Lai and activists Chow Hang-tung and Gwyneth Ho were last week found guilty of inciting people to join the vigil or taking part in it themselves.
In mitigation, Lai’s lawyer, Robert Pang, argued that his client did not join the vigil that night, but only lit a candle in front of reporters and stayed in the park for 14 minutes.
Pang added that the case did not involve a protest, but a remembrance event, the likes of which had been held for 30 years.
Pang said Lai’s background is the epitome of a Hong Kong success story. Instead of making more money, Lai went on to devote himself to his media business which brought to light “what certain others would prefer kept hidden in the darkness.”
The lawyer also read out Lai’s own mitigation plea.
“If commemorating those who died because of injustice is a crime, then inflict on me that crime and let me suffer the punishment of that crime,” Lai had written.
Chow, meanwhile, said this case was about more than just herself.

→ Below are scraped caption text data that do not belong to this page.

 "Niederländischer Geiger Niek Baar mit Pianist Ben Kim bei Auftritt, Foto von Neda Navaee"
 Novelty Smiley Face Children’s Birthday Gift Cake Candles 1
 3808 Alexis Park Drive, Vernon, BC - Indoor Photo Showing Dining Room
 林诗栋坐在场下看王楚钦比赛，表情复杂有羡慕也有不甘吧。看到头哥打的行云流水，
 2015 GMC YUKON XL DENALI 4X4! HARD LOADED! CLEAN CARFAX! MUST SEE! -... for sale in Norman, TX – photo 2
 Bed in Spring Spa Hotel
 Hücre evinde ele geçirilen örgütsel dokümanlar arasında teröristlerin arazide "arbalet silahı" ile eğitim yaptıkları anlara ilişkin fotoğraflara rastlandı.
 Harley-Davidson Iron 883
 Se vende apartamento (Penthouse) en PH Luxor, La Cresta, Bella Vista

“In designating the vigil as criminal, a proud tradition stands condemned, signifying to the world that this city is no longer the heaven for free speech it once was,” she said.
Ho said her sentence would be a sentence for every Hongkonger who went to Victoria Park on June 4 last year.
Judge Amanda Woodcock was expected to hand down the trio’s sentences on Monday afternoon, together with those of five others involved in the case who earlier pleaded guilty.